Pero Jesús, pasando en medio de ellos, continuó su camino.


COMENTARIO:

  Este episodio que nos narra san Lucas, recoge como Jesús, a pesar de ser el Hijo de Dios, cumple con el culto sinagogal de su tiempo. Bien hubiera podido decir el Señor que Él, que hablaba directamente con su Padre, no necesitaba participar de la instrucción escriturística ni de la oración comunitaria. Pero el Maestro, que como tal nos educa en cada uno de sus actos y de sus palabras, sabe la importancia que tiene para el hombre la liturgia en la vida de la fe; y por ello se reúne con los demás miembros del pueblo para recitar la Shèmá –que es el resumen de los preceptos del Señor- y las dieciocho bendiciones.

  Posteriormente se leía un pasaje del libro de la Ley –el Pentateuco- y otro de los Profetas; y es en ese momento cuando el presidente de la celebración, siguiendo la costumbre, invita a Jesús a dirigir unas palabras a los allí reunidos. El Hijo de Dios lee el pasaje de Isaías, donde el profeta anunciaba la llegada del Señor que libraría al pueblo de sus aflicciones; y es entonces cuando confirma con la seguridad de su voz, descansando su mirada en todos los presentes, que las palabras del Antiguo Testamento se han cumplido en su Persona. Que la salvación prometida por Dios a su pueblo, se ha llevado a cabo con su Encarnación y que, por Él, el Padre se ha hecho presente a los hombres. La “Buena Nueva” existe en Cristo  porque se identifica el mensaje y el mensajero, y lo probable adquiere carácter de certeza; inagurándose, con la Nueva Ley, el tiempo de la misericordia y la Redención, la infusión de la Gracia y la plenitud de la vida futura.

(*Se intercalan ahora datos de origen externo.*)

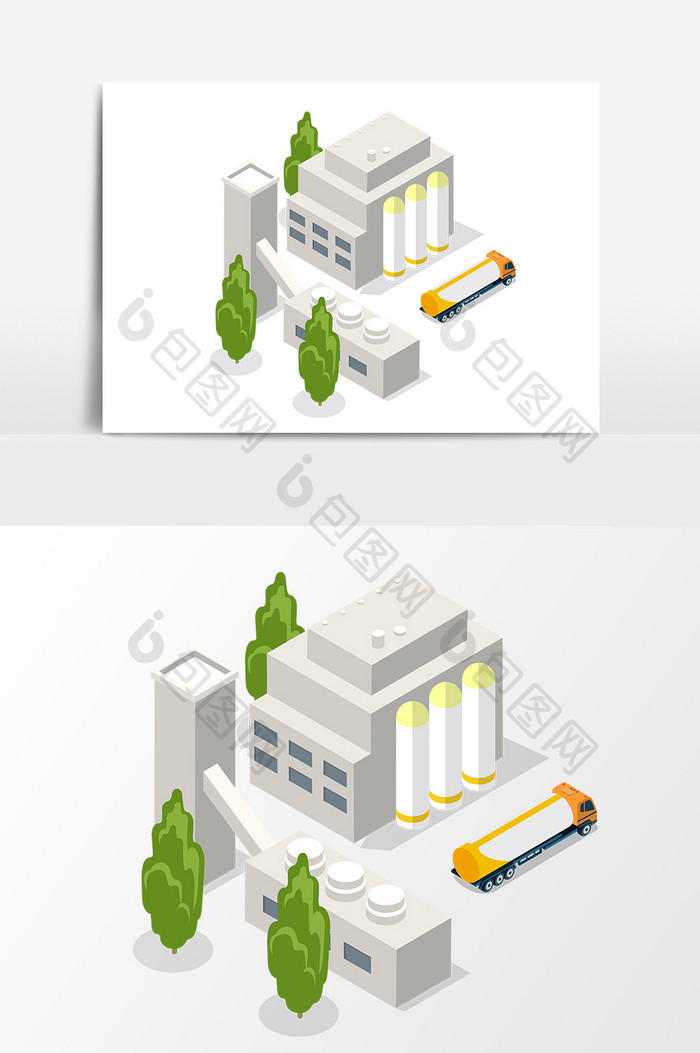 扁平化工厂楼房建筑插画矢量素材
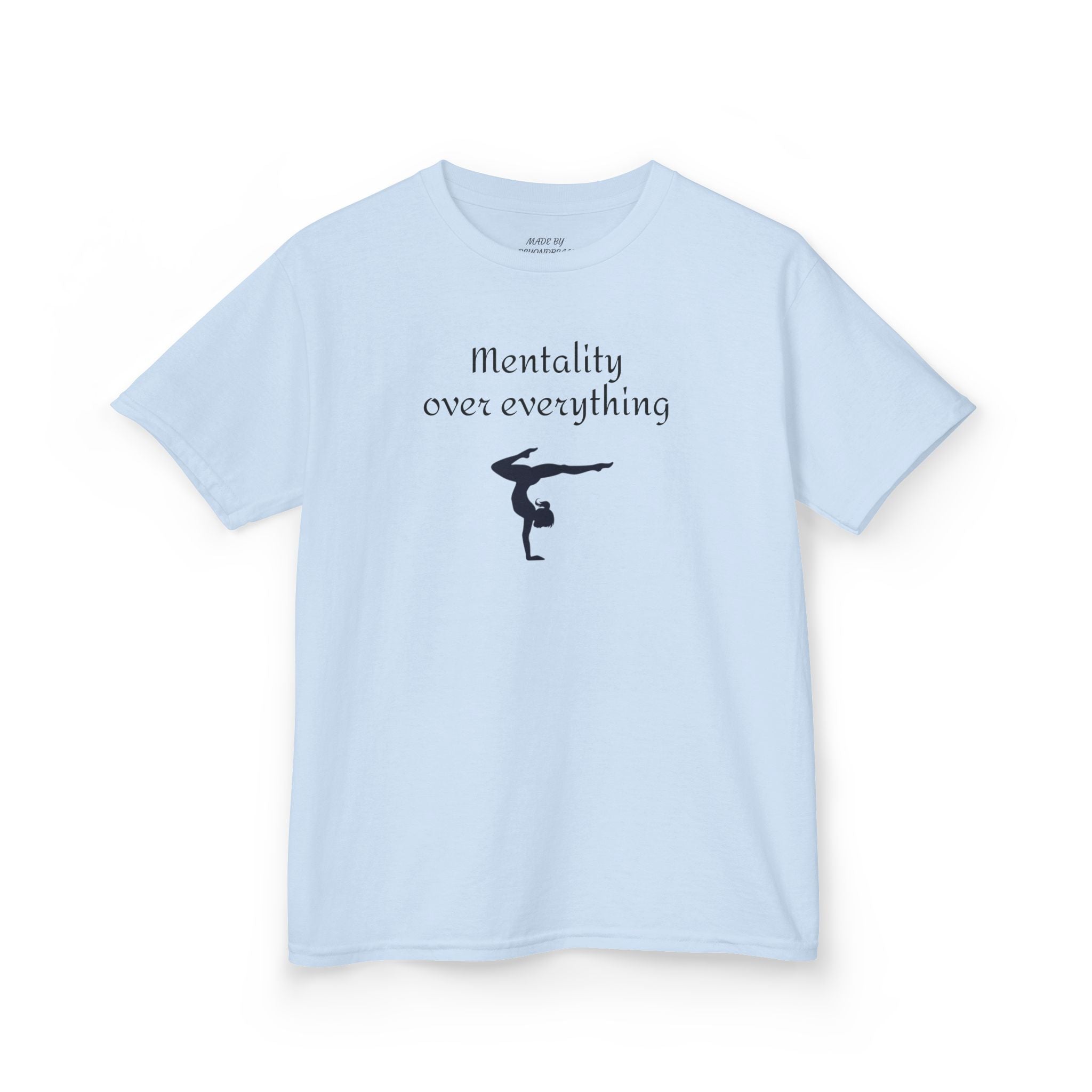 Kids Tee — “Mentality Over Everything” Gymnast Silhouette Shirt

  Los habitantes de Nazaret, que en un principio se maravillaban de Jesús, esperaban un milagro, un espectáculo, que acreditara las palabras del Maestro; pero Jesús les recuerda que la confianza no necesita razones que la justifiquen, y que sólo su falta de fe es la que los llama a necesitar, para creer, un hecho sobrenatural que les ayude a sobreponerse de sus dudas. Es su mezquindad, como ocurrió en tiempos de Isaías, la responsable de que observando lo evidente sean ciegos a lo esencial. El Señor los enfrenta a su pequeñez, a su orgullo, a sus miserias que sólo buscan el interés, incapacitándolos para abrir los ojos del alma y poder observar la verdad de Cristo.

  Y es en ellos, donde el Señor nos recuerda a todos que creer es entregar a Dios el conocimiento y la voluntad por amor, confiando plenamente en que Aquel que nos ama, no puede engañarnos. Y cierto es que, como siempre, ante esa actitud de fe el propio Dios se excede y nos manifiesta por los hechos, la historia y las personas que todo lo divino, por ser divino, es razonable y razonado; llegando, con nuestro esfuerzo y la luz de la Gracia, a la Verdad que no defrauda.

  También vemos en este Evangelio que entonces, igual que hoy y que siempre, los hombres intentan terminar con aquello que no comprenden, que supera su capacidad intelectiva y socava su orgullo personal. Pero Jesús nos indica, con su gesto, al pasar en medio de ellos, que su vida no le será arrancada cuando los hombres quieran, sino cuando Él la entregue por propia voluntad por amor a los hombres, en el momento propicio de la Redención. Que todo aquello que sucede –persecuciones, martirios, tribulaciones- tienen una finalidad inscrita en la historia divina, que todos nosotros, si somos fieles a la voluntad de Dios, soportaremos con fortaleza y con la seguridad de cumplir nuestro compromiso cristiano, adquirido en las aguas del Bautismo, y abonado en la gracia sacramental.